Well, for me, it has some issues. First thing I found out is that the thing only drives unipolar steppers. This is not necessarily a bad thing but the severely limits the possible motors out there. Next issue there is no current limiting availablem no short circuit protection. It uses a pic that drives fets though optoisolators. So you have to be very careful with the motor you select or you can toast things real quick.
So, I want to run bi-polar motors off mine. I tried contacting the guy that made it and got no response so I am on my own. There are a few different micro-size stepper drivers out there. I chose the pololu A4988 stepper driver (http://www.pololu.com/catalog/product/1182) It has selectable current limiting, up to 16x microstepping, 2A motor capacity, short circuit and ground protection among other things. This is really what should have been on the board in the first place. At $12 it would have been the equivalent price of the extra opto and fets that are on the board and would have added a lot of features.

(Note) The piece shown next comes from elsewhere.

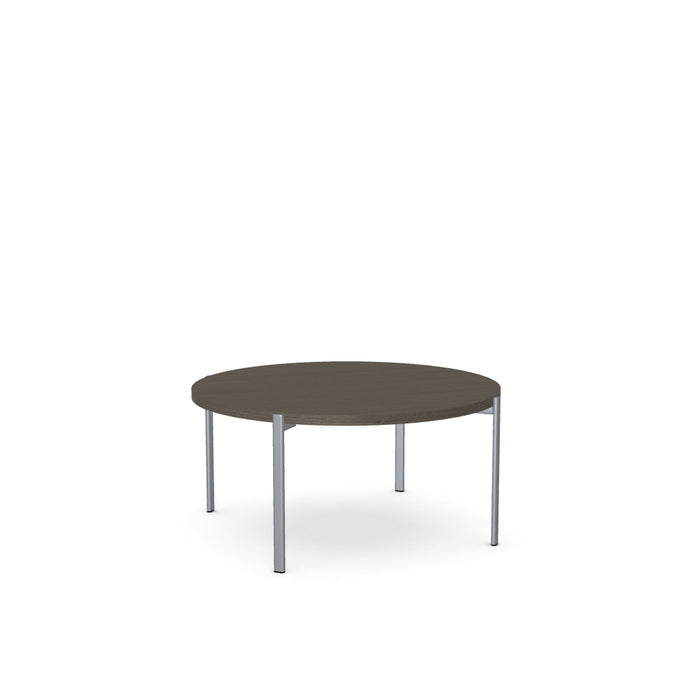 Maya Coffee Table w/ Wood Veneer Tabletop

The problem is the stepper driver needs step and direction signals to operate. One line get a clock pulse, one pulse moves the motor a step, the direction of the motor depends on the state of the direction line. Logic high moves one direction, low the other. Unipolar motors in full step mode run with four phases 90 degrees out of phase with each other. I used a US Digital/LSI LS7184 Quadrature to step/dir IC to take the signals that would drive the first and third phase mosfets and output step and direction signals to the pololu driver. I drew up a small board that included all of this plus a voltage regulator for the logic as well as a dip switch to control the features of the stepper driver and LS7184. I designed the board to connect to the main board via a socket where the fets were.
I got the boards back from the group order from dorkbotpdx.org and put them together and started debugging. Only one real issue was I swapped the step and direction lines to the driver. A dremel and a couple pieces of wire fixed that.
So here it is, it's a bit bigger but gives me things like current limiting, 8 times the resolution, and short circuit protection. The only down side is there is no real way for me to incorporate putting the motor to sleep when it is idle to save power. I would need a logic signal from the pic to do this but I dont have access to this code.